Учебник тем не менее прошел в печать, но вскоре после того достопамятного заседания внезапно выяснилось, что Тамара Петровна занимается вредительской деятельностью, окружила себя студентами дворянского происхождения, а выпускникам рабфака специально не дает никаких знаний. Кроме того, ее обвинили в семейственности и кумовстве, якобы она устроила в институт свою внучатую племянницу, хотя та, учитывая социальное происхождение, не имела права на высшее образование. О том, что Катенька два года после школы трудилась санитаркой в больнице, чтобы заработать рабочий стаж, все как-то вдруг забыли, и после страстного выступления секретаря парторганизации и комсомольского вожака трудовой коллектив изгнал чуждый элемент из своих стройных рядов.

Узнав о произошедшем, Костя немедленно поспешил на выручку. Тамара Петровна не унывала. Сказала, что и без того подумывала уйти на покой, понимая, что силы уже не те, зрение слабеет, рука теряет былую точность, и недалек тот день, когда старость отыграется не только на ней самой, но и на ее пациенте. Правда, она собиралась и дальше преподавать и консультировать, но раз ее знания больше никому не нужны, то и ладно. После революции она сильно обнищала, но кое-какое золотишко все же уцелело от экспроприаций и реквизиций, так что с голоду маленькая семья не умрет. Катю вот только жалко, серьезная девочка, отличница, она стала бы прекрасным врачом. Костя сказал, что еще не все потеряно, есть хороший шанс восстановиться в институте, когда Бесенков уйдет на покой или отвлечется на другого врага. А пока, раз три курса пройдено, можно поработать медсестрой.

– Так что, Лелечка, если ты дашь добро, то я завтра же с утра поведу Катю в отдел кадров. Вырастим из нее достойную смену Надежде Трофимовне.

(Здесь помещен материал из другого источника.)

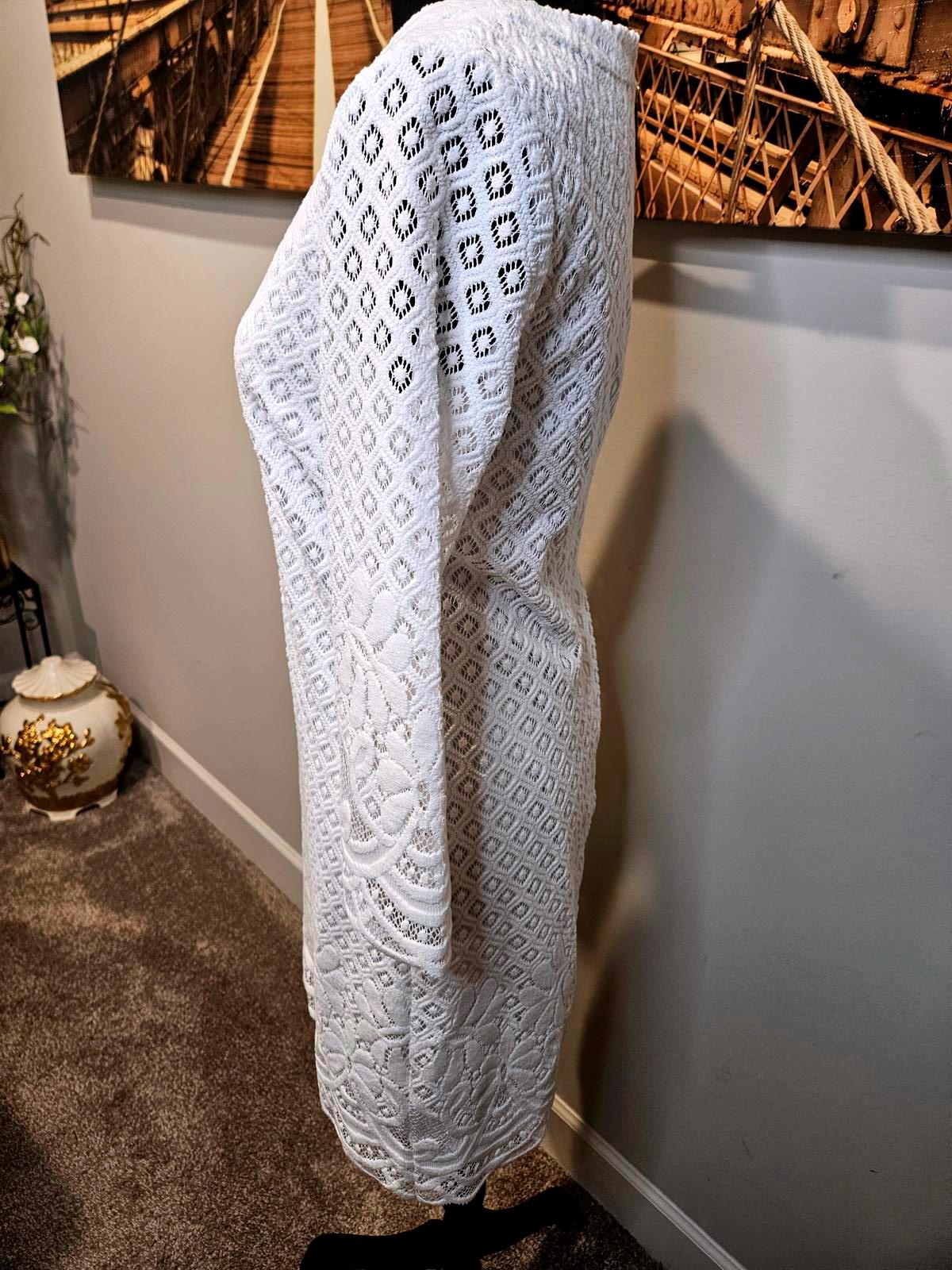 Lilly Pulitzer White Lace Dress with 3/4 Sleeves  #67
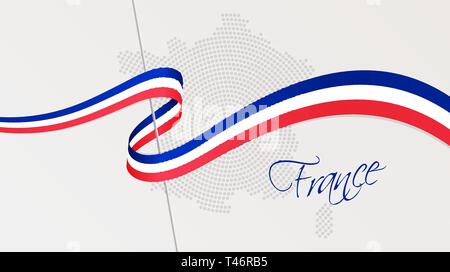 Vector Illustration der abstrakten radial gepunktete Rasterung Karte von Frankreich und gewellten Band mit Französischen nationalflagge Farben für Ihr Design Stock Vektor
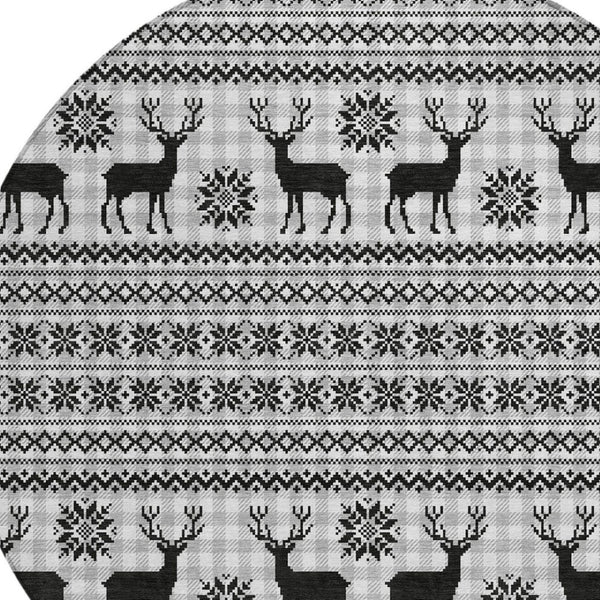 HomeRoots 8' Stylish Silver Black Ivory Round Deer Area Rug - Washable, Indoor/Outdoor, Durable & Versatile 621552
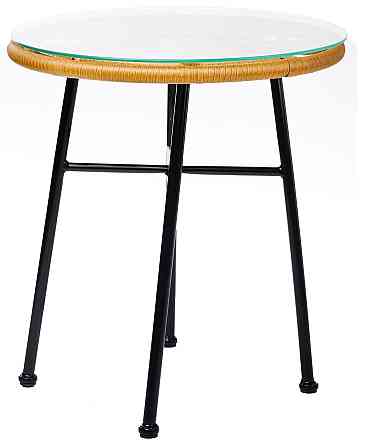 Садовий стіл Mayan Скло Ротанг Латте Київ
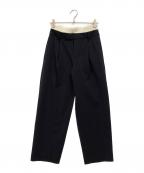 BEAUTY&YOUTHビューティーアンドユース）の古着「レイヤードタックパンツ」｜ネイビー×ホワイト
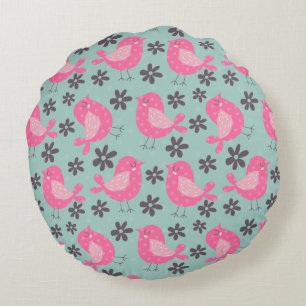 Polka Dot Birds und Blume Rundes Kissen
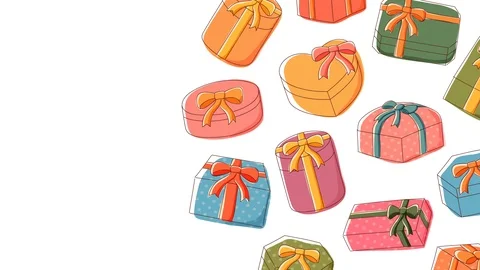Gift box icon moving pattern background cartoon kids hand drawing Stock Footage 95720872
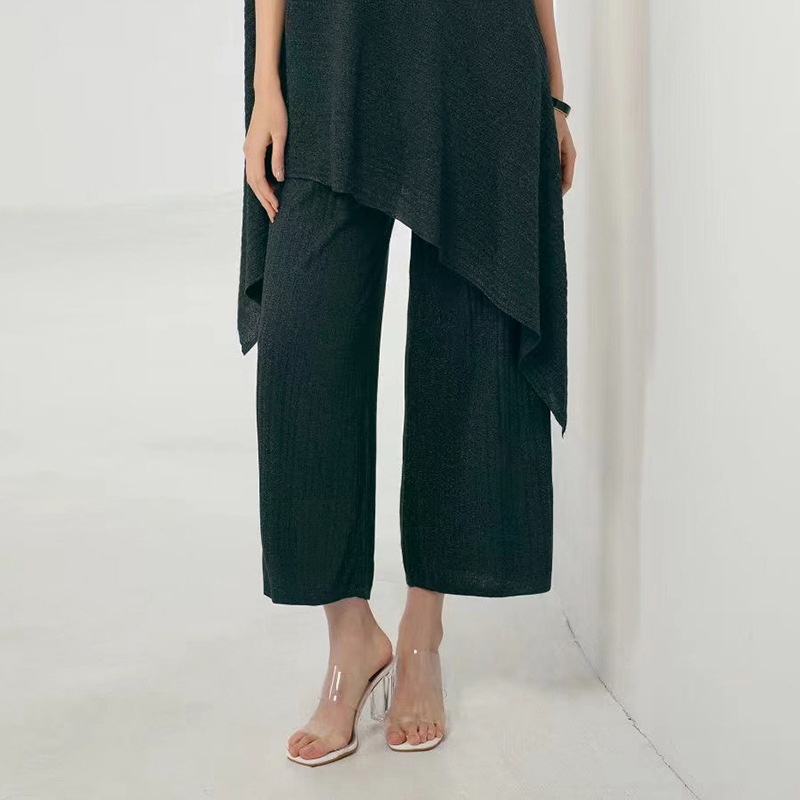 Spring,Summer And Autumn Large Size Women's Knitted Wide-leg Pants Loose Drape Slim Straight Casual Pants Women's Nine Points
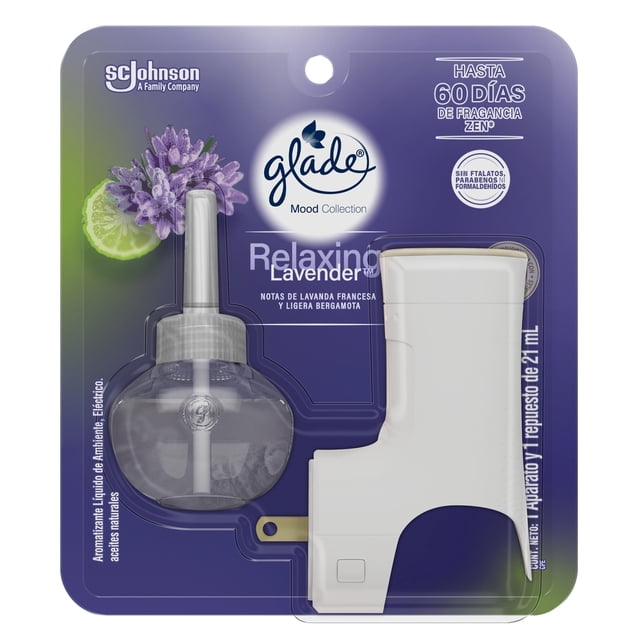 Aromatizante de ambiente Glade Mood Collection Lavanda y Bergamota Aparato + repuesto 21 ml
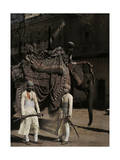 Two Indian Screen Actors Await a Ride from an Elephant in Amber Photographic Print by Franklin Price Knott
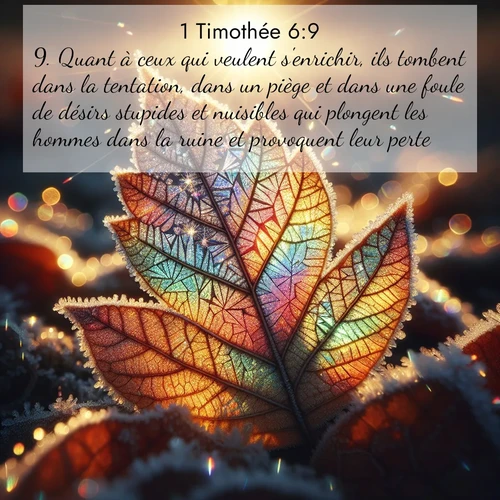 Segond21 1 Timothée  ; image nature: image avec le verset biblique :Quant à ceux qui veulent s&#039;enrichir, ils tombent dans la tentation, dans un piège et dans une foule de désirs stupides et nuisibles qui plongent les hommes dans la ruine et provoquent leur perte. ;  ; 6:9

Надежда Трофимовна занимала ответственную должность операционной сестры Кости после того, как он, по собственному выражению, «сам у себя украл лучшую в мире сестру, женившись на ней». Эта степенная и в высшей степени компетентная женщина была ему верной помощницей, но теперь собиралась на покой, что приводило Костю в глубокое уныние.

– Разумеется, идите, – кивнула Элеонора, – я даже не понимаю, почему ты у меня спрашиваешь.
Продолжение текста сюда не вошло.